The main execution logic is in the run_pipeline function in main.py.

def run_pipeline(db: DB, config: Config) -> None:
    fetcher = fetch(config)
    transformer = CratesTransformer(config.url_types, config.user_types)
    load(db, transformer, config)
    fetcher.cleanup(config)

    coda = (
        "validate by running "
        + '`psql "postgresql://postgres:s3cr3t@localhost:5435/chai" '
        + '-c "SELECT * FROM load_history;"`'
    )
    logger.log(coda)

Configuration Flags

The crates loader supports several configuration flags:

  • DEBUG: Enables debug logging when set to true.
  • TEST: Runs the loader in test mode when set to true, skipping certain data insertions.
  • FETCH: Determines whether to fetch new data from the source when set to true.
  • FREQUENCY: Sets how often (in hours) the pipeline should run.
  • NO_CACHE: When set to true, deletes temporary files after processing.

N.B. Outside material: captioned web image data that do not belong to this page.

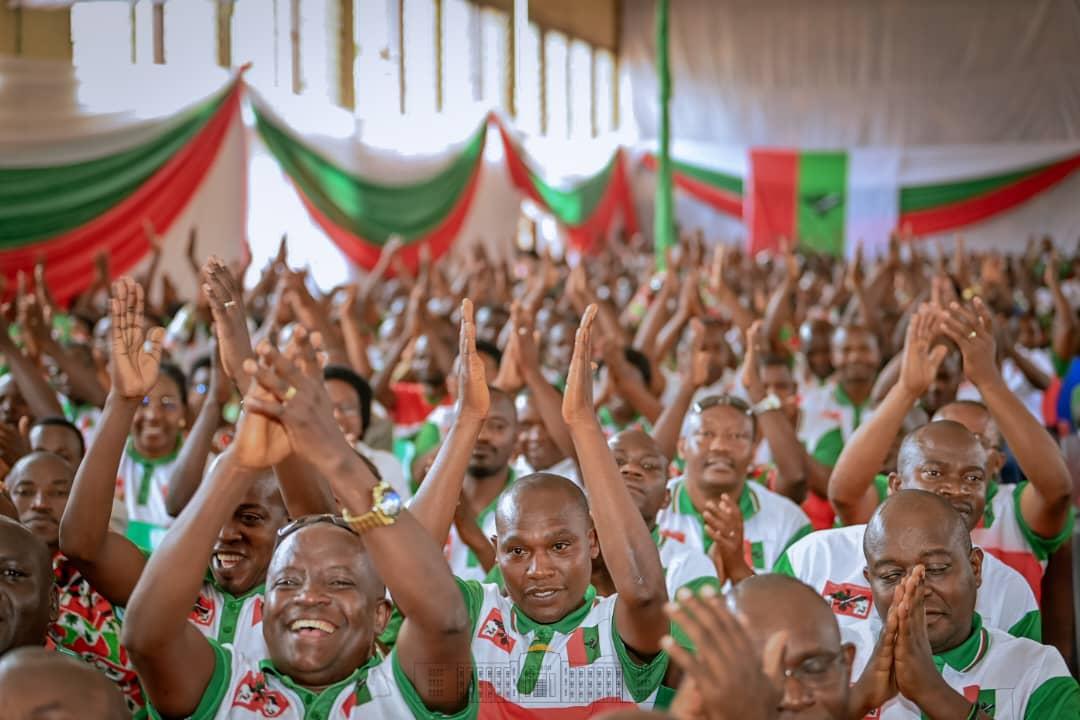 #Burundi Umukuru w'Igihugu, akaba n'Umukuru w'Inama Nkuru y'Inararibonye mu mugambwe <a href="/CnddFdd/">CNDD-FDD</a>, yitabiriye ikoraniro ry'uwo mugambwe ry'intara nshasha ya <a href="/Gitega/">Province Gitega</a>, aho bari baramutse batora indongozi z'iyo ntara ya #Gitega mu mugambwe CNDD-FDD.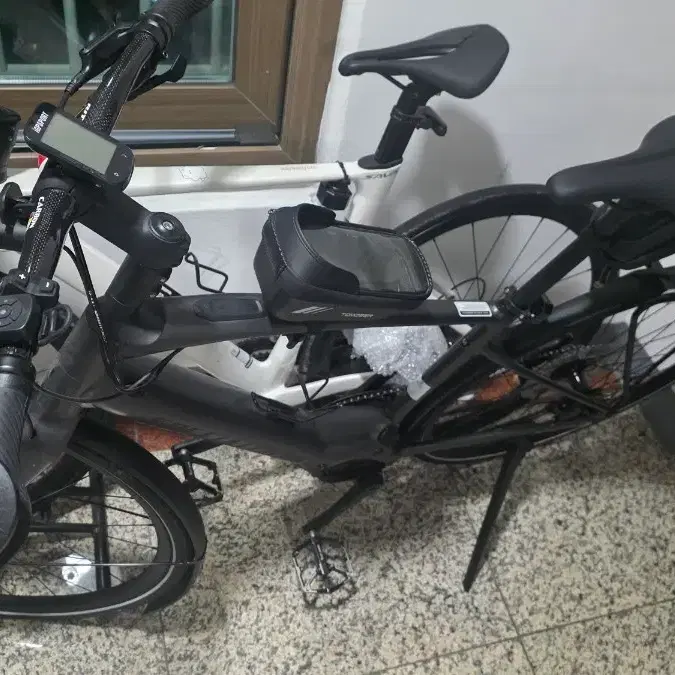 スペシャルライズド電動自転車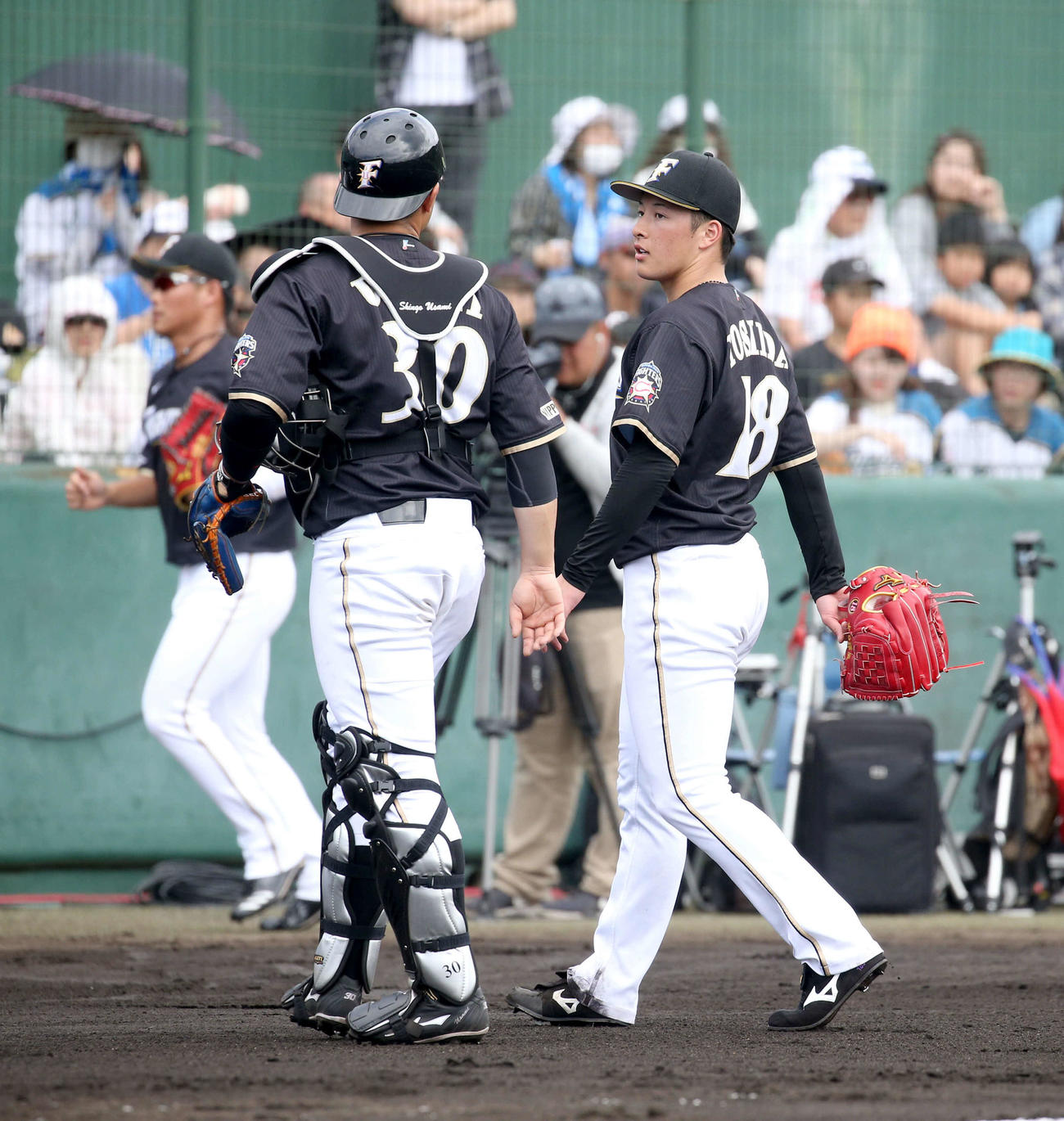 紅組対白組　1回裏を無失点で抑え日本ハム宇佐見（左）と共にベンチに戻る吉田輝（撮影・佐藤翔太）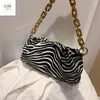 Tas mode zebrapatroon vrouwen schoudertassen ontwerper dikke ketens handtassen luxe pu lederen messenger dame koe purches klauwen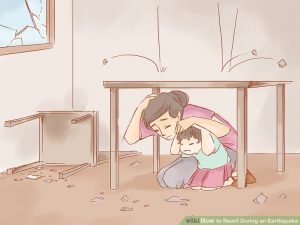 در زمان زلزله و در خانه، فراموش نکنید که بخواب، بپوشان و صبر کن.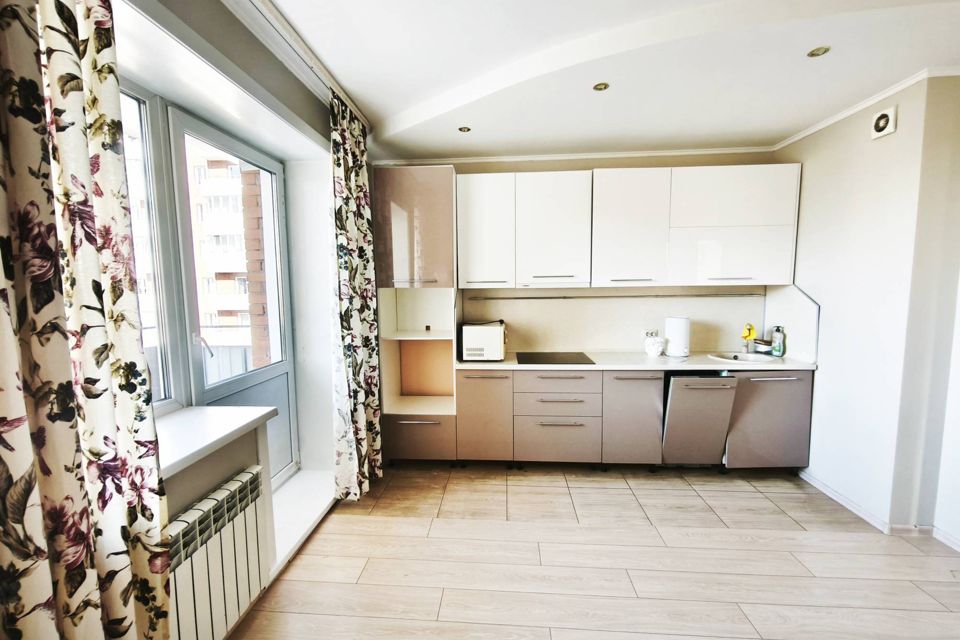 Продаётся 3-комнатная квартира, 90.6 м²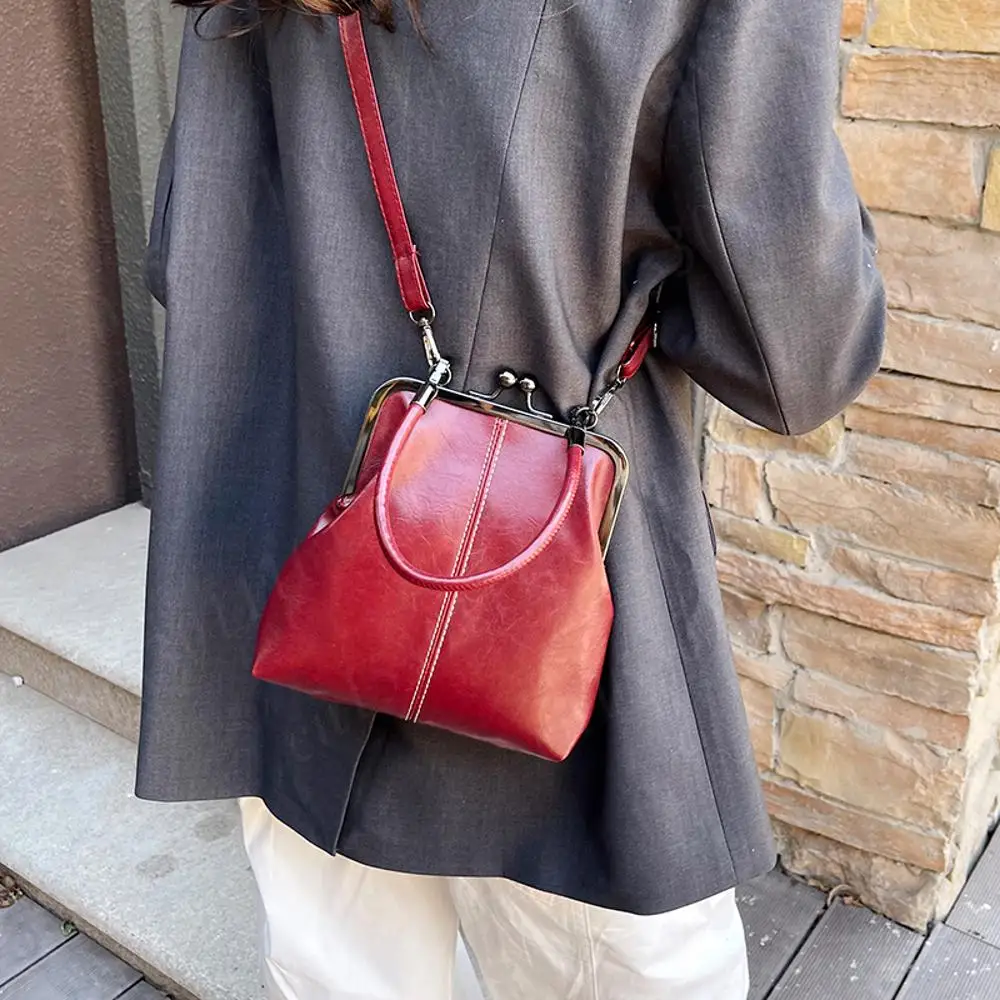 

2025 Women Top-Handle Bags PU Leather Crossbody Bags Retro Handbags with Kiss Lock Designer Luxury Clip Bag Vintage Shoulder Bag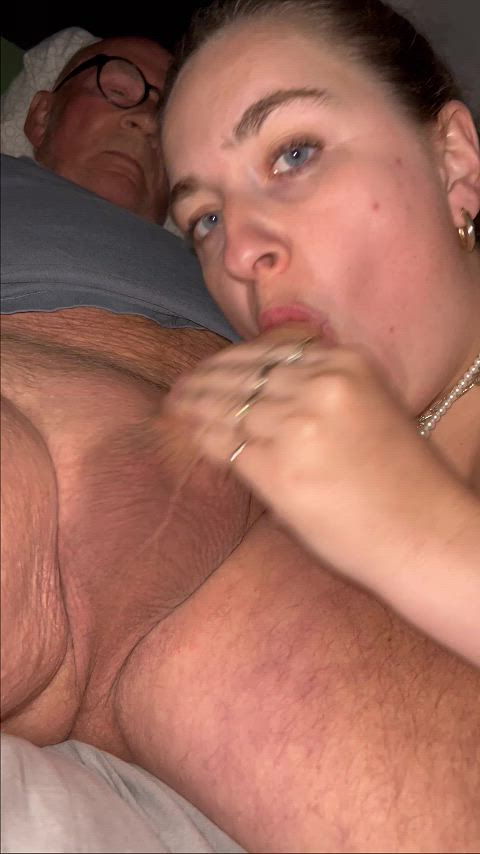 24 year old granddaughter sucking 72 year old grandpa - free porn video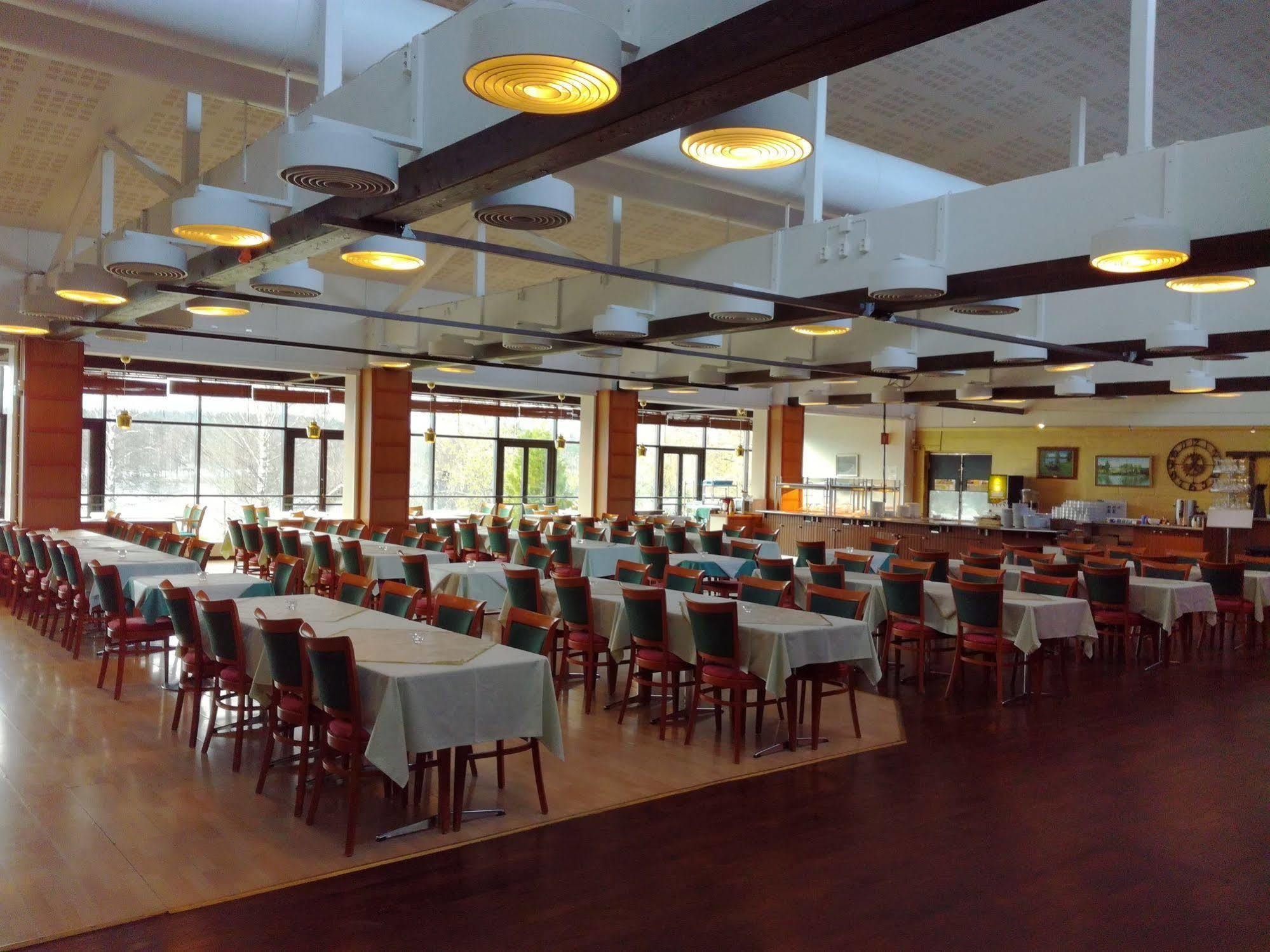 Hôtel Lomakeskus Kuntoranta à Varkaus Extérieur photo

These flags can be set in the docker-compose.yml file:

crates:
  build:
    context: .
    dockerfile: ./package_managers/crates/Dockerfile
  environment:
    - CHAI_DATABASE_URL=postgresql://postgres:s3cr3t@db:5432/chai
    - PYTHONPATH=/
    - DEBUG=${DEBUG:-false}
    - TEST=${TEST:-false}
    - FETCH=${FETCH:-true}
    - FREQUENCY=${FREQUENCY:-24}
    - NO_CACHE=${NO_CACHE:-false}

Notes

  • We're reopening the same files multiple times, which is not efficient.
    • versions.csv contains all the published_by ids
    • crates.csv contains all the urls
  • The cache logic in the database client is super complicated, and needs some better explanation...it does work though.
  • Licenses are non-standardized.
  • Warnings on missing users are because gh_login in the source data is non-unique.